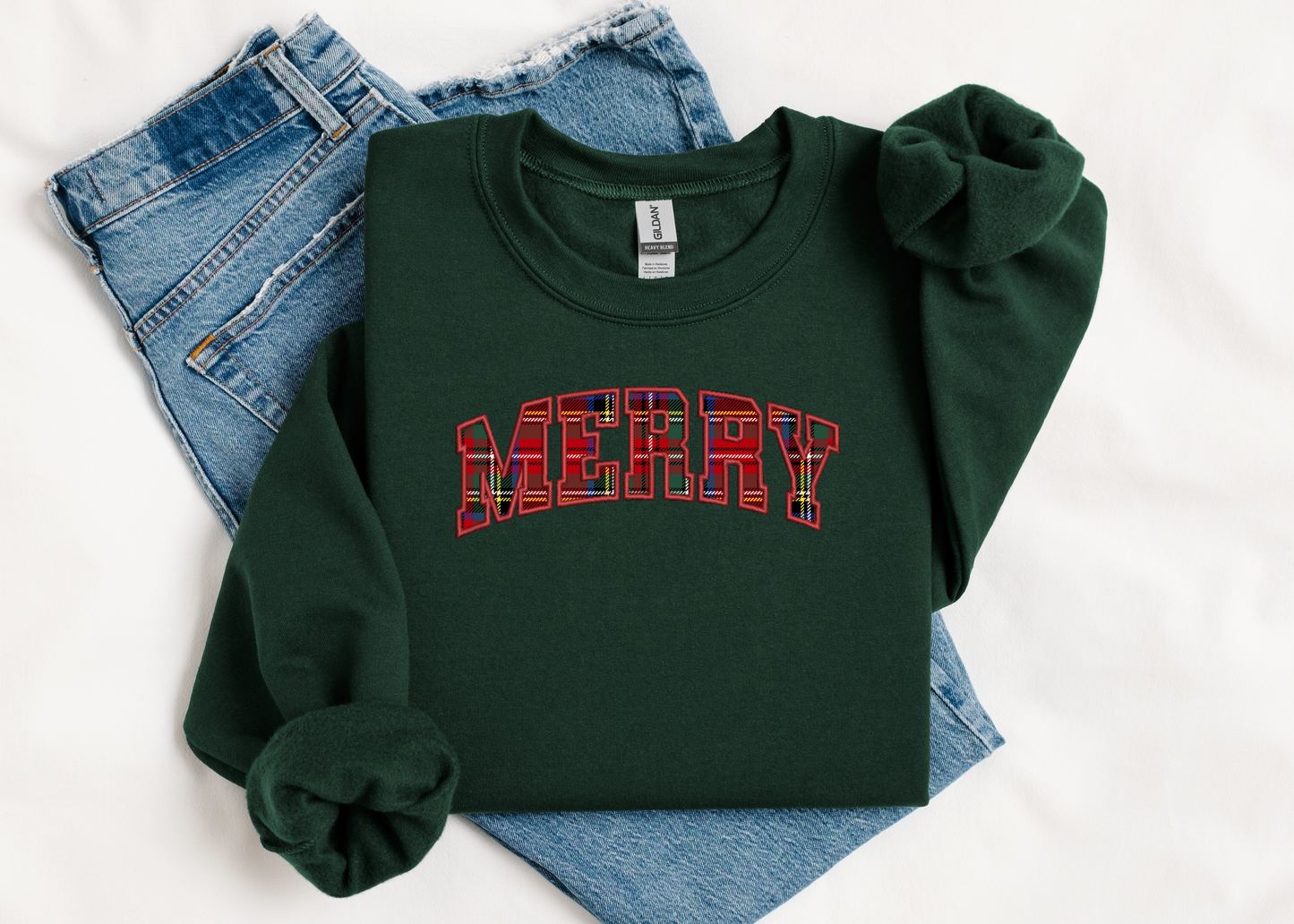 Merry Applique Crewneck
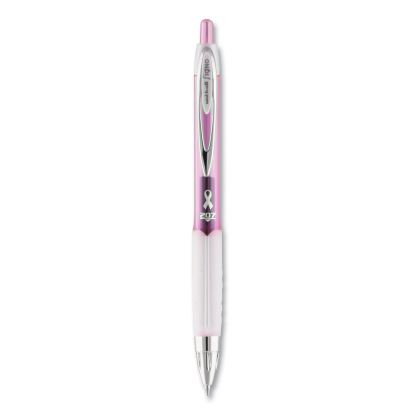 Signo 207 Gel Pen, Retractable, Medium 0.7 mm, Black Ink, Pink Barrel, 2/Pack1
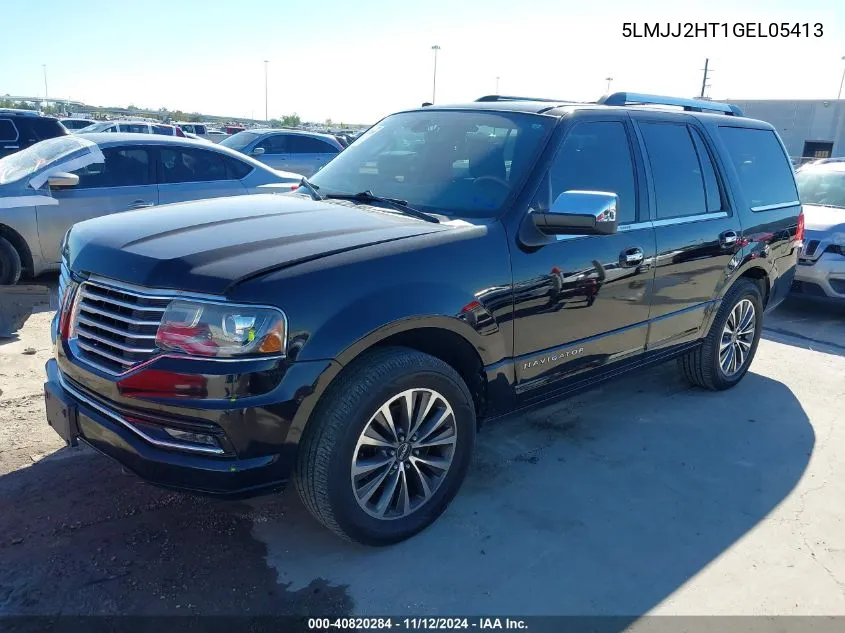 2016 Lincoln Navigator Select VIN: 5LMJJ2HT1GEL05413 Lot: 40820284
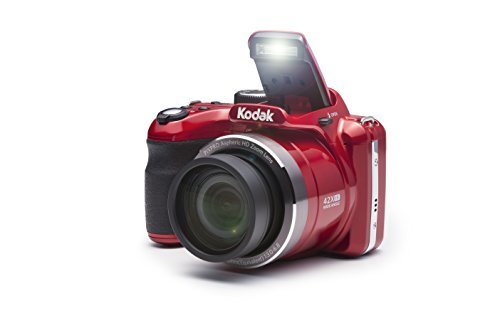 Kodak AZ421-RD PIXPRO Astro AZ421 16 MP Digital Camera with 42X Optical Zoom and 3" LCD Screen (Red)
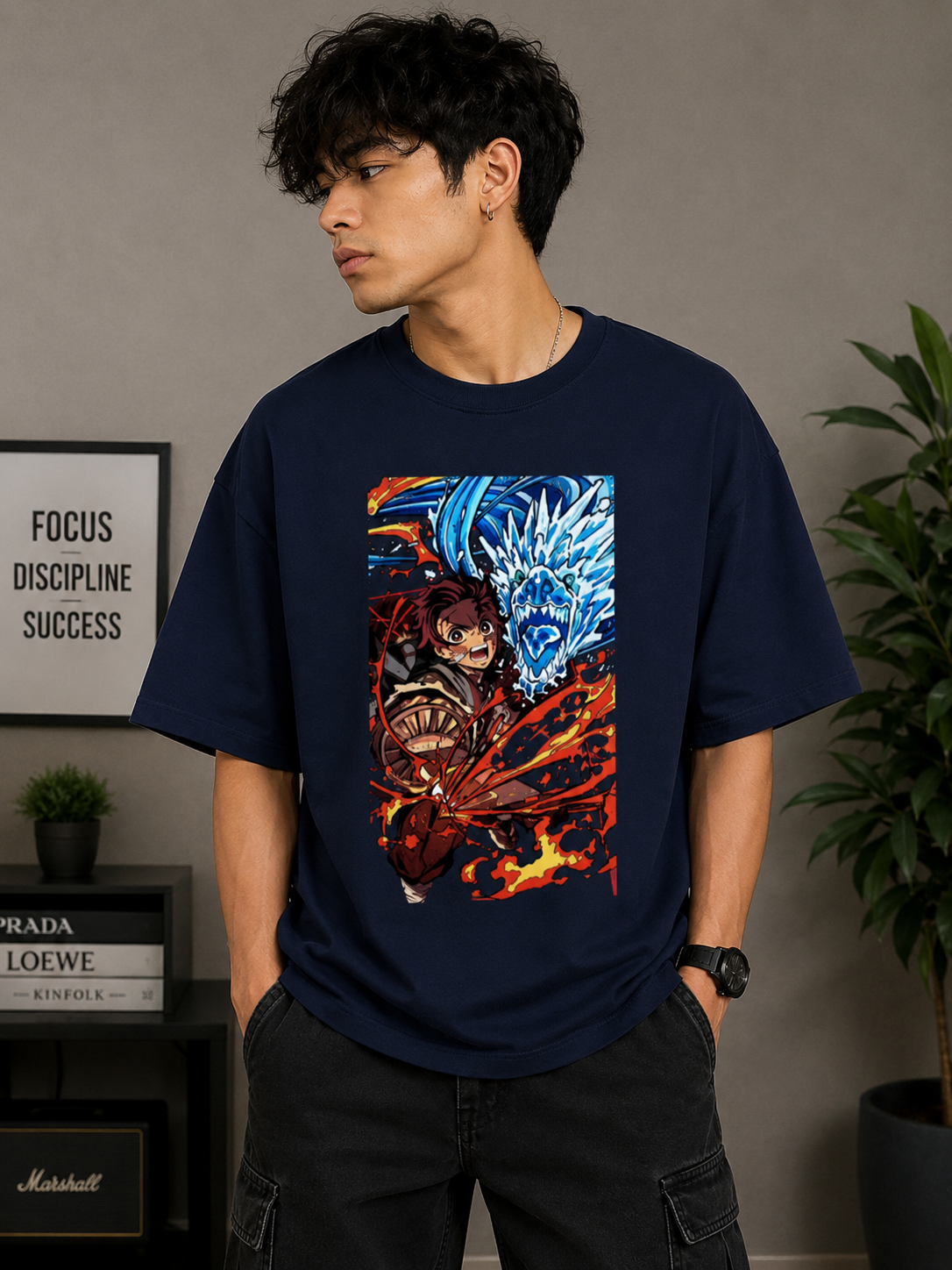 Oversized Tee X Demon Slayer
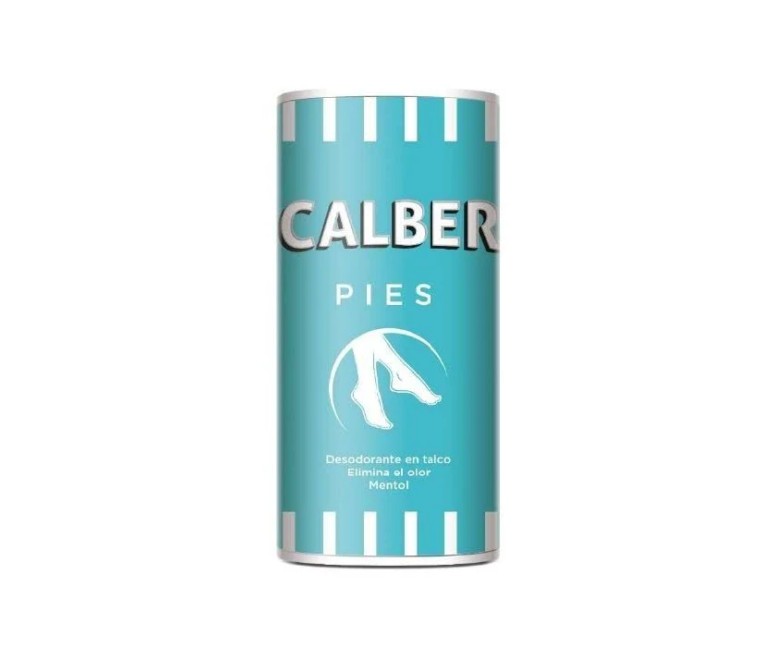 Polvos talco calber pies 100 gr Calber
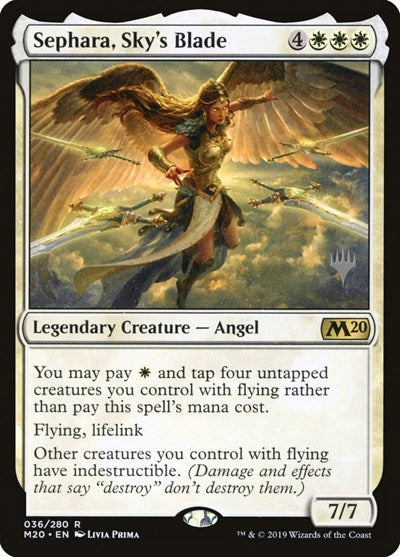 Sephara, Sky's Blade (Promo Pack: Core Set 2020) Light Play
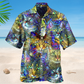 Tabby Cat Hawaiian Shirt For Summer Vacation, Beach Travel, And Casual Wear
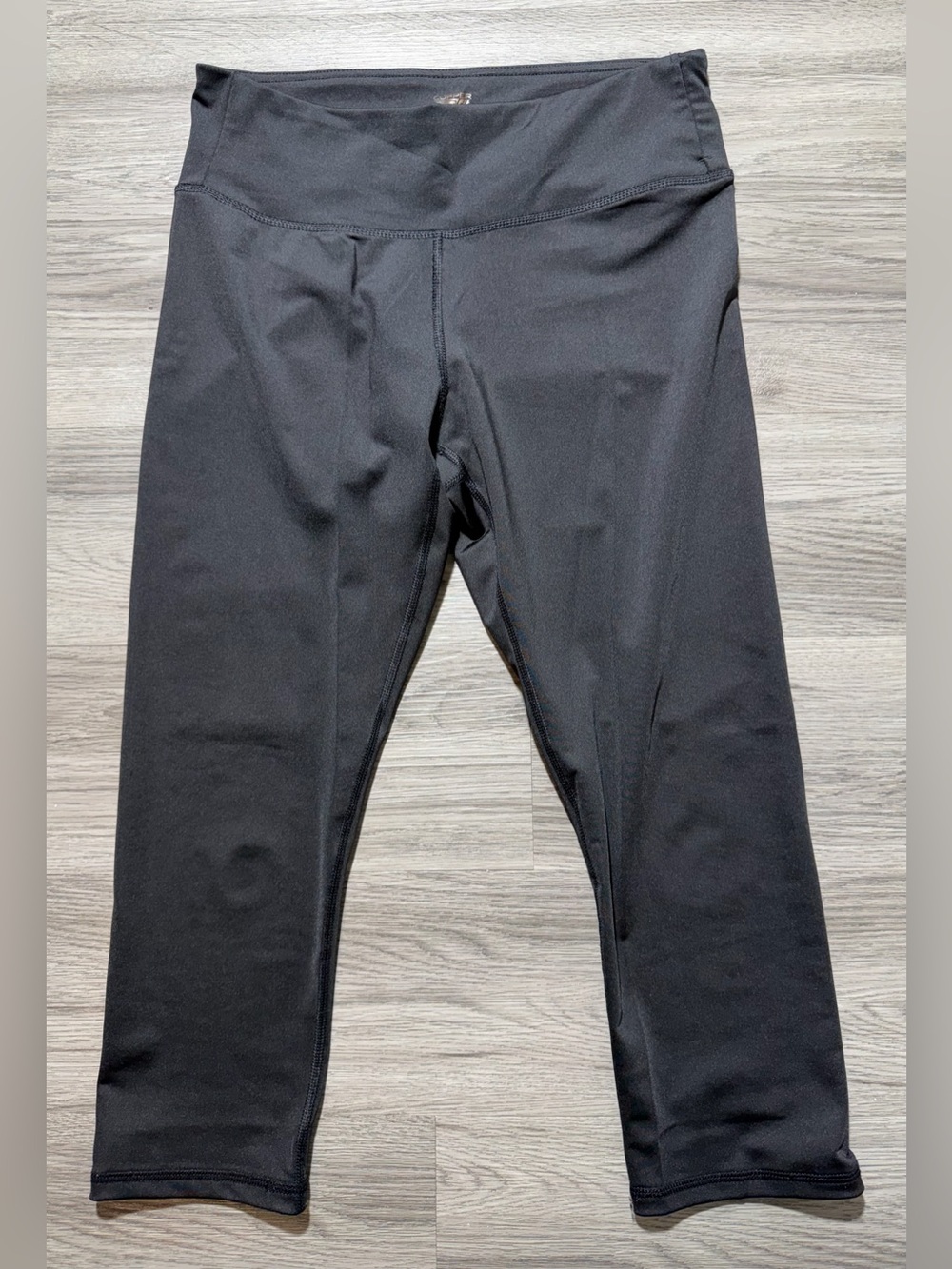 Copper Fit Leggings Womens Large Black Cropped Compression Athletic Capri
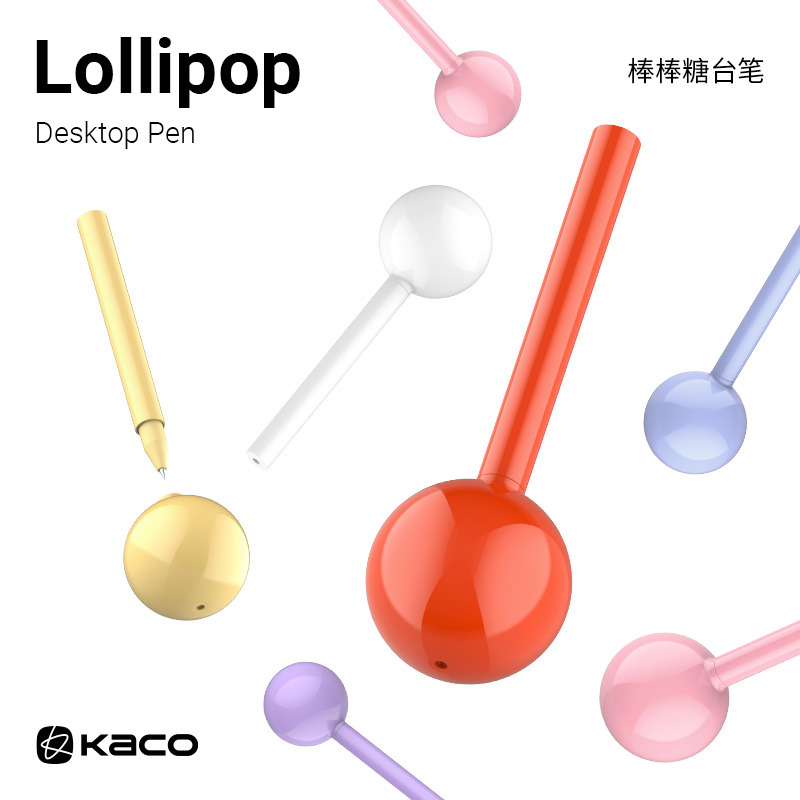Home Office Tech Gadgets - Kaco Creative Lollipop Schreibtischstift, 6 Farben,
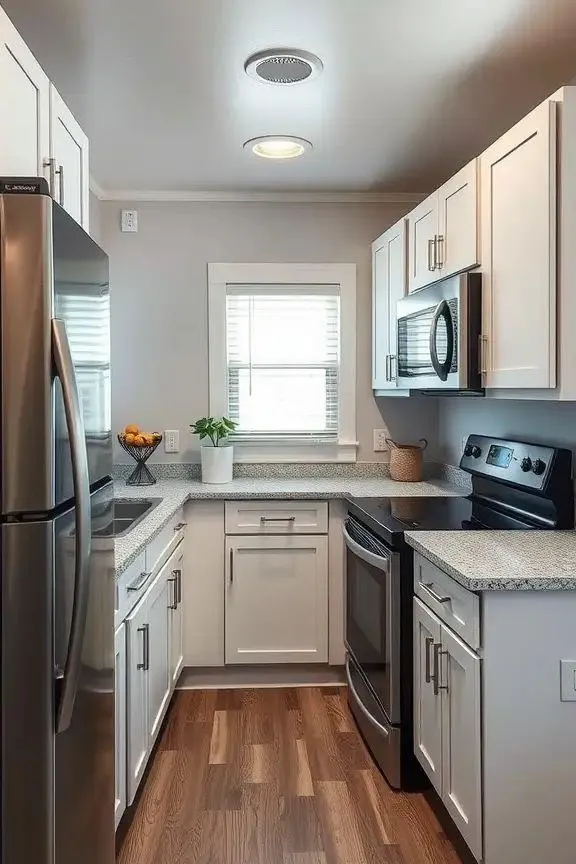 Mobile Home Remodel Ideas - Create Built-In Storage or Open Shelving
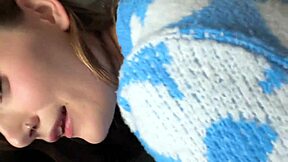 Little stepdaughter Juniper Ren rides old man's cock cowgirl style in household fantasy creampie pov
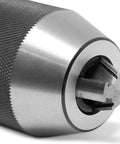 Close-up view of Heavy Duty Keyless Drill Chuck With One Sixty Fourth To Five Eighths Inch Capacity, Ultra Low Runout Under 0.004 Inches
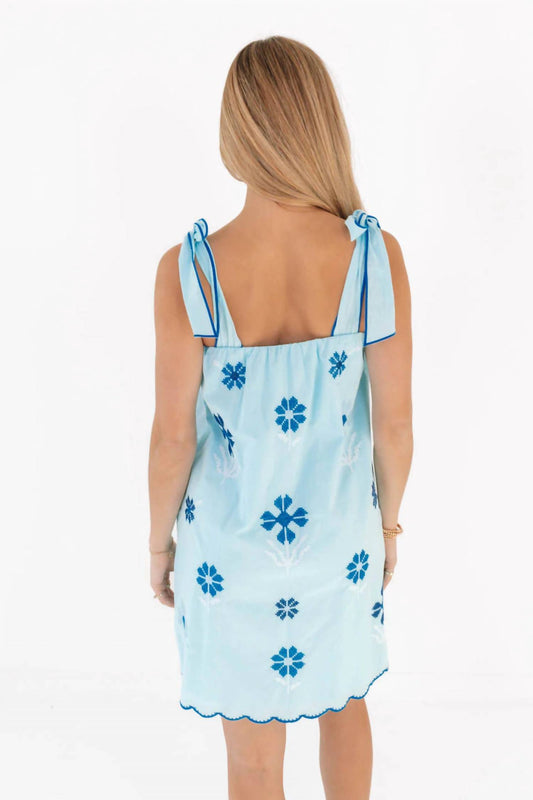 J.Marie - Women's The Alli Tie Strap Dress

________________________

_Problem to solve:_ Pictures do not belong in the answer. Return the lines above starting at the one with "Copper Fit Leggings" and ending at the one with "Little stepdaughter Juniper", both kept, exactly.

_Answer box:_
 Copper Fit Leggings Womens Large Black Cropped Compression Athletic Capri
Home Office Tech Gadgets - Kaco Creative Lollipop Schreibtischstift, 6 Farben,
 Mobile Home Remodel Ideas - Create Built-In Storage or Open Shelving
 Little stepdaughter Juniper Ren rides old man's cock cowgirl style in household fantasy creampie pov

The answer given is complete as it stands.